**INSTRUCTIONS FOR THE TASK**
Starting with the line that has "Stainless Steel Bypass" in the records below and ending with the line that has "RAWZ 96% Duck, Turkey, and", output those lines exactly and nothing more; omit the pictures.

**INPUT DATA**
★ ★ ★ ★ ★

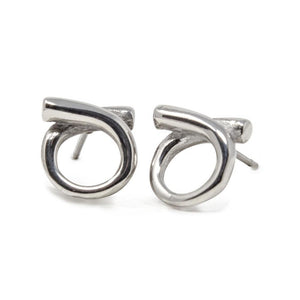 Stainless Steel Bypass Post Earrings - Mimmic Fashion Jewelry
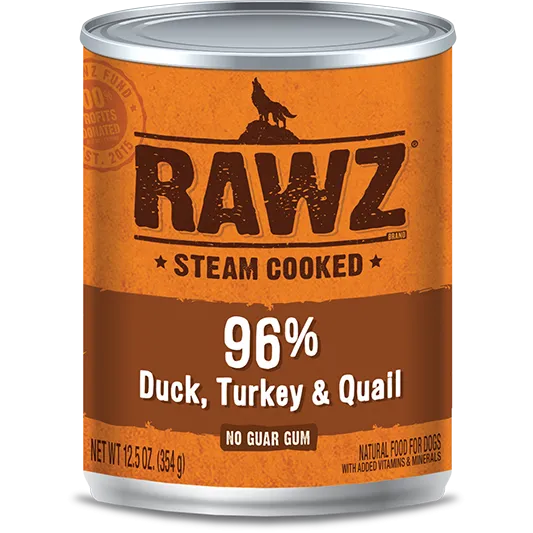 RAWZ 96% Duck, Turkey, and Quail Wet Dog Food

★ ★ ★ ★ ★

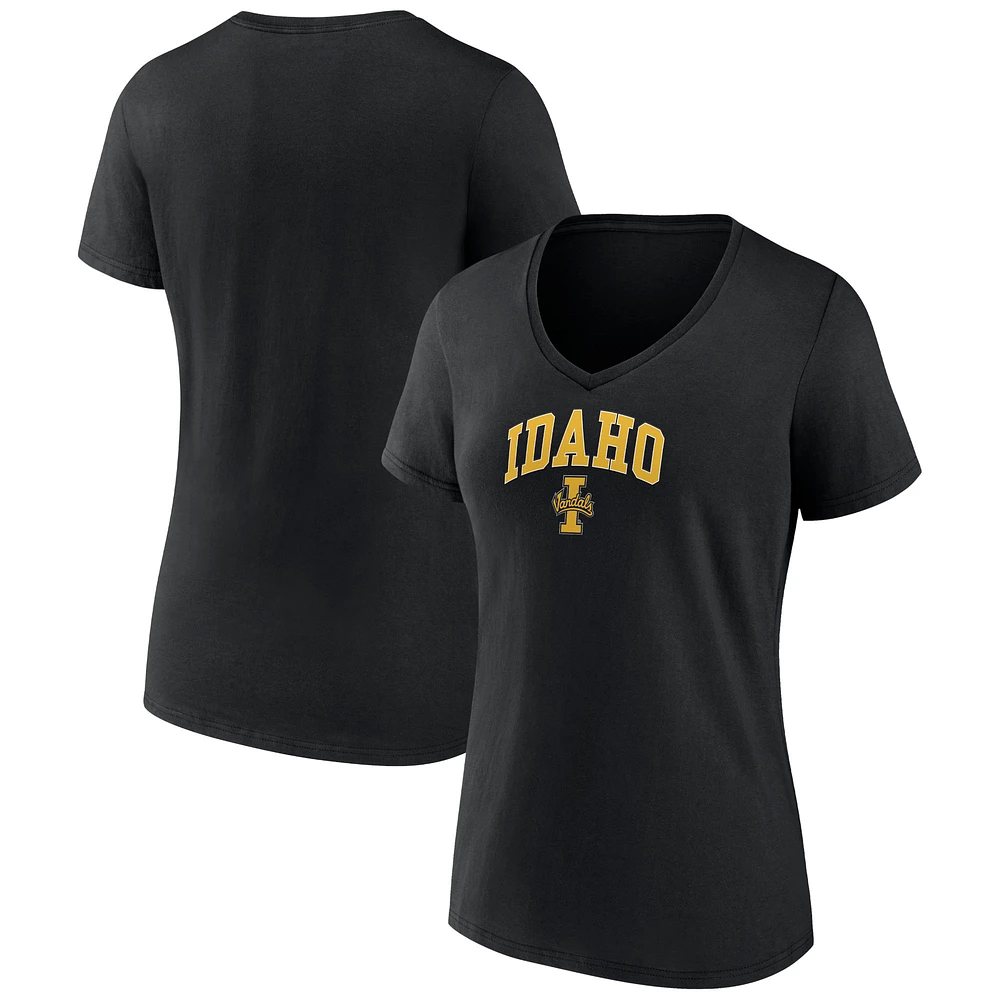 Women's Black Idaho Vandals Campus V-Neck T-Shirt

★ ★ ★ ★ ★

**WRITTEN RESPONSE**
 Stainless Steel Bypass Post Earrings - Mimmic Fashion Jewelry
 RAWZ 96% Duck, Turkey, and Quail Wet Dog Food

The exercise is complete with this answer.